YOUR TASK →
Your copy must start with the line containing "In seguito al" and end with the last line of the entries, matching them exactly and leaving out every picture.

DATA TO USE →
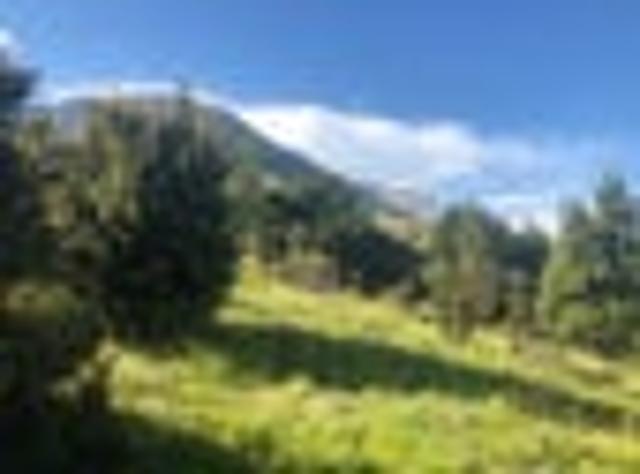 Unobstructed views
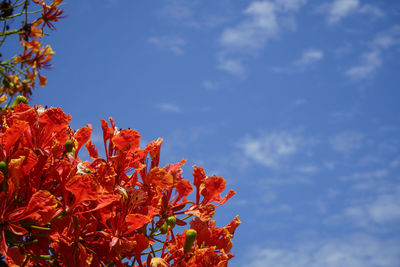 Low angle view of flowering plant against blue sky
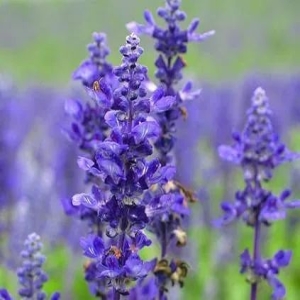 <strong>薰衣草精油的多种功效与简易用法</strong>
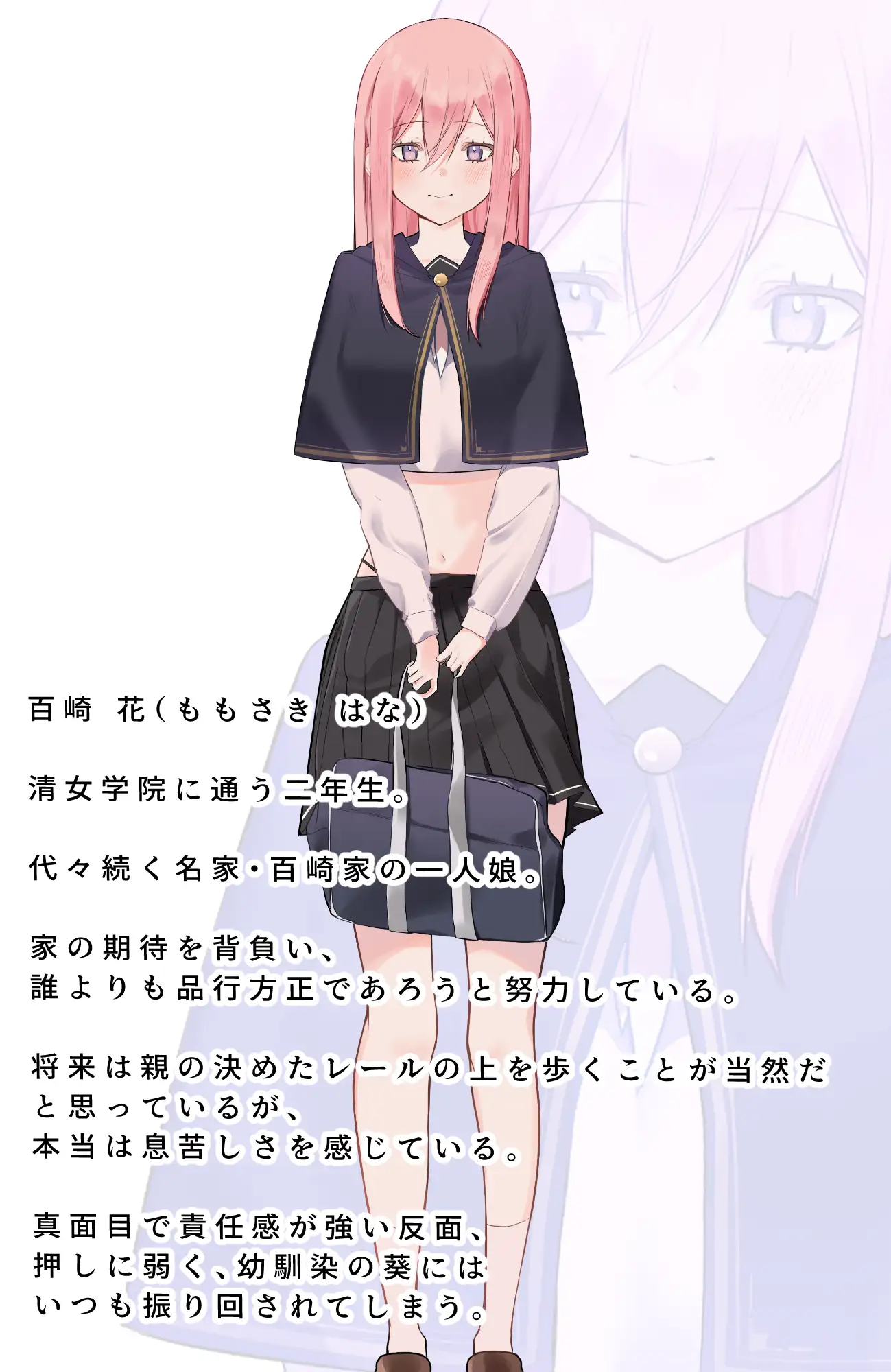 乱さないで葵ちゃん~秘密の放課後~総集編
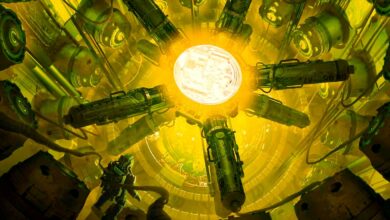 Dogecoin-Konkurrent Shiba Inu und Ethereum Der Rivale Cardano wird Zeuge massiver Waltransfers innerhalb von 24 Stunden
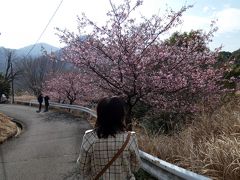 ０１．春を探しに行くエクシブ伊豆1泊　三島～伊東のドライブ　松川湖畔の河津桜　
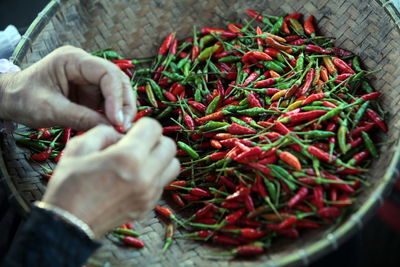 Cropped image of hands holding chili pepper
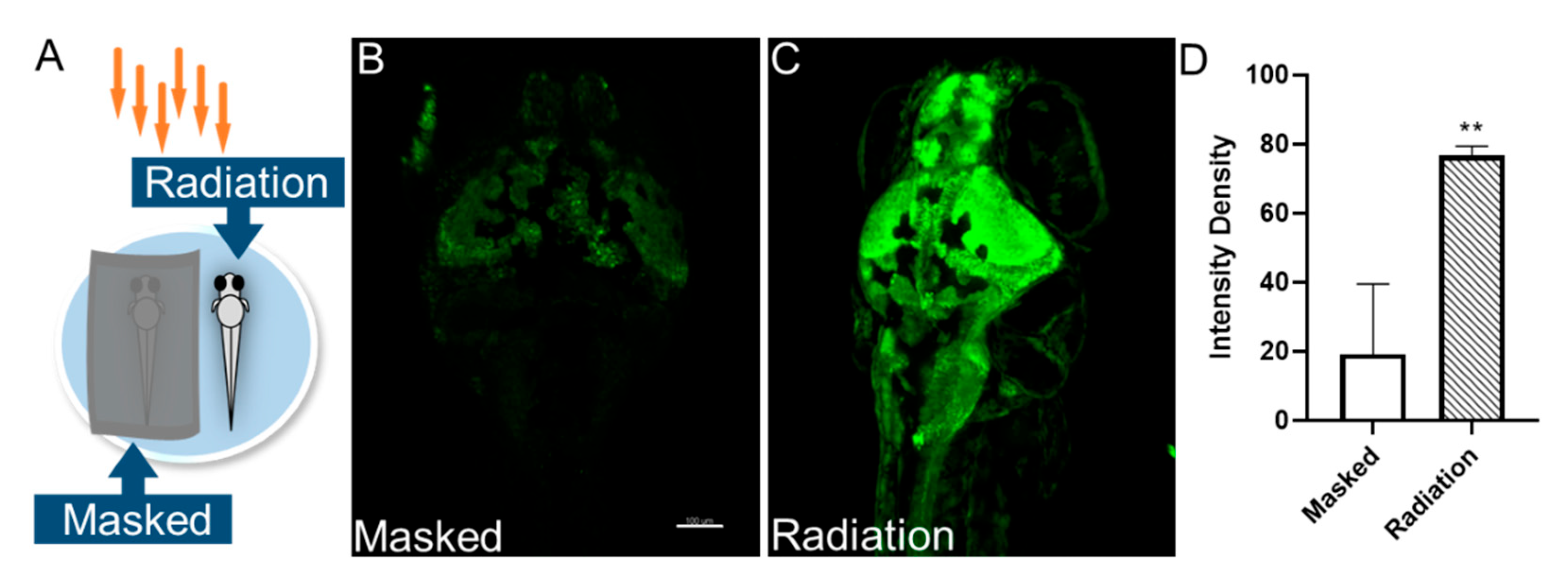 Sensors 23 07689 g004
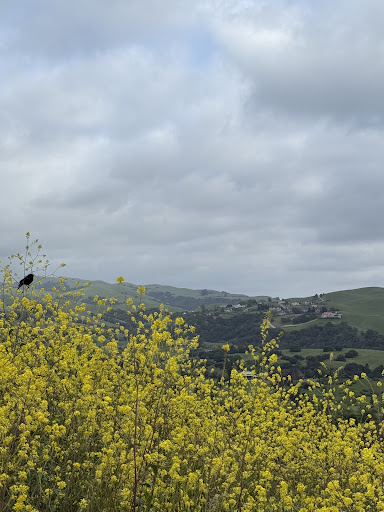 Ed R Levin County Park 20250726 234826 009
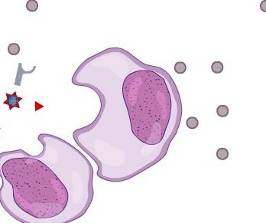In seguito al riconoscimento si ha l attivazione, la proliferazione e il differenziamento dei linfociti T citotossici da cui si hanno sia linfociti T citotossici attivi sia cellule della memoria,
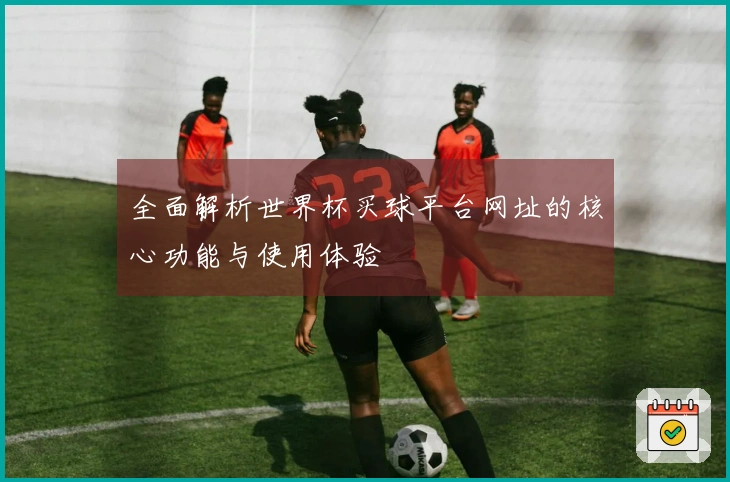 全面解析世界杯买球平台网址的核心功能与使用体验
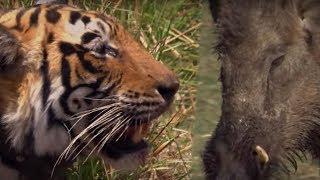 Tiger VS Boar | BBC Earth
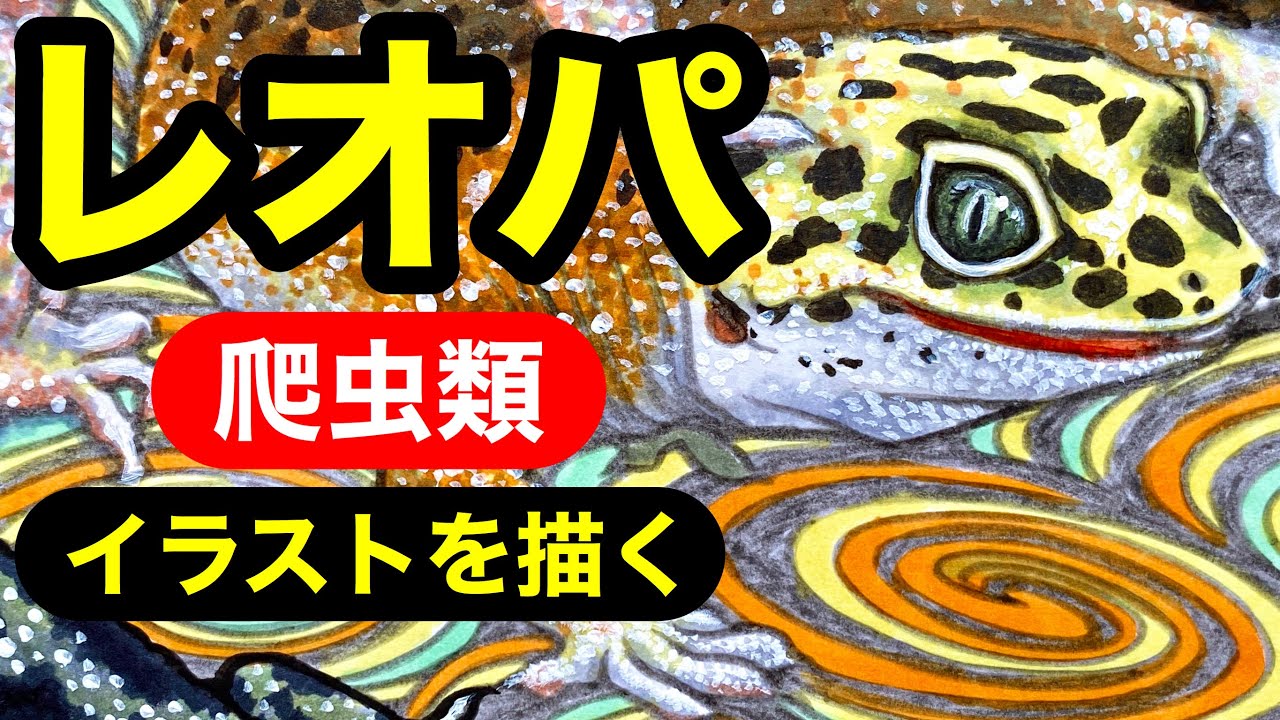 爬虫類 レオパ コピックでレオパのモルフをリアルに描いてみた Shingoart レオパ 爬虫類 コピックメイキング Youtube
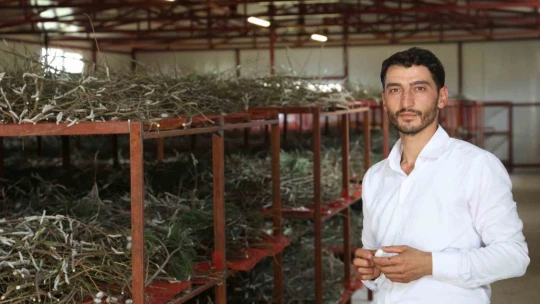 Babaannesinden esinlendi, Elazığ tarihinin en büyük ipek böcekçiliği çiftliğini kurdu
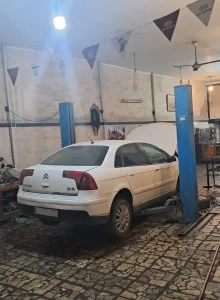 carnogarae_zantia (1)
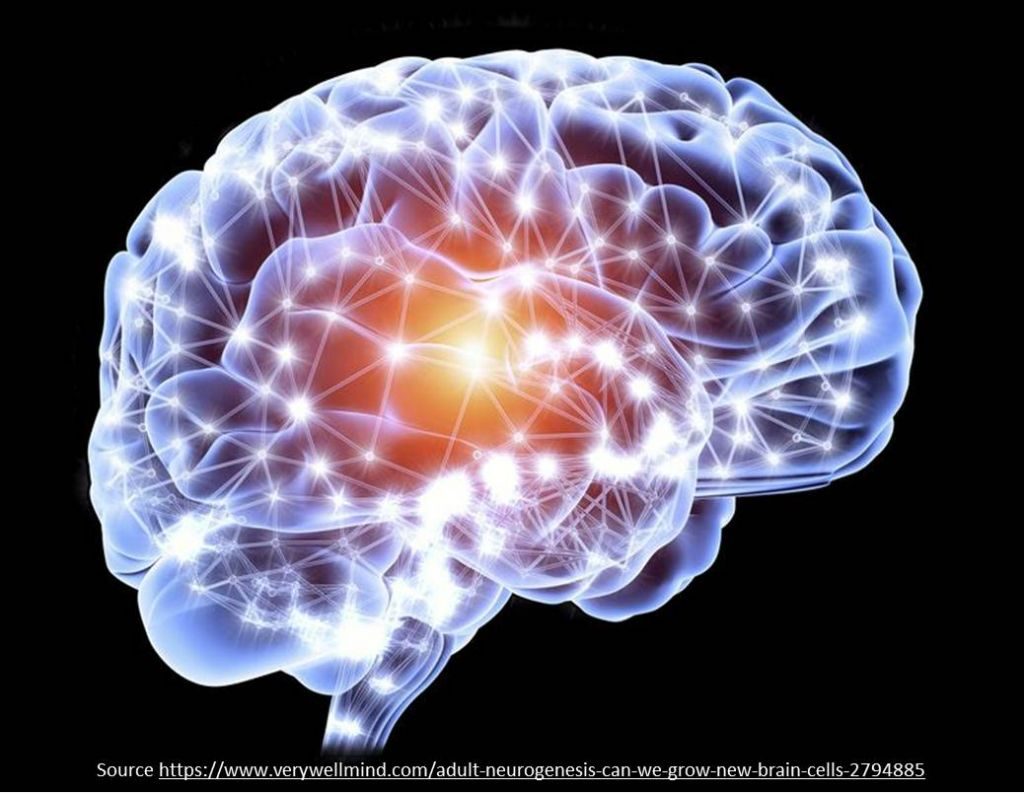 Gangguan Spektrum Autisme (ASD)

RESULT →
In seguito al riconoscimento si ha l attivazione, la proliferazione e il differenziamento dei linfociti T citotossici da cui si hanno sia linfociti T citotossici attivi sia cellule della memoria,
 全面解析世界杯买球平台网址的核心功能与使用体验
 Tiger VS Boar | BBC Earth
 爬虫類 レオパ コピックでレオパのモルフをリアルに描いてみた Shingoart レオパ 爬虫類 コピックメイキング Youtube
 Babaannesinden esinlendi, Elazığ tarihinin en büyük ipek böcekçiliği çiftliğini kurdu
 carnogarae_zantia (1)
 Gangguan Spektrum Autisme (ASD)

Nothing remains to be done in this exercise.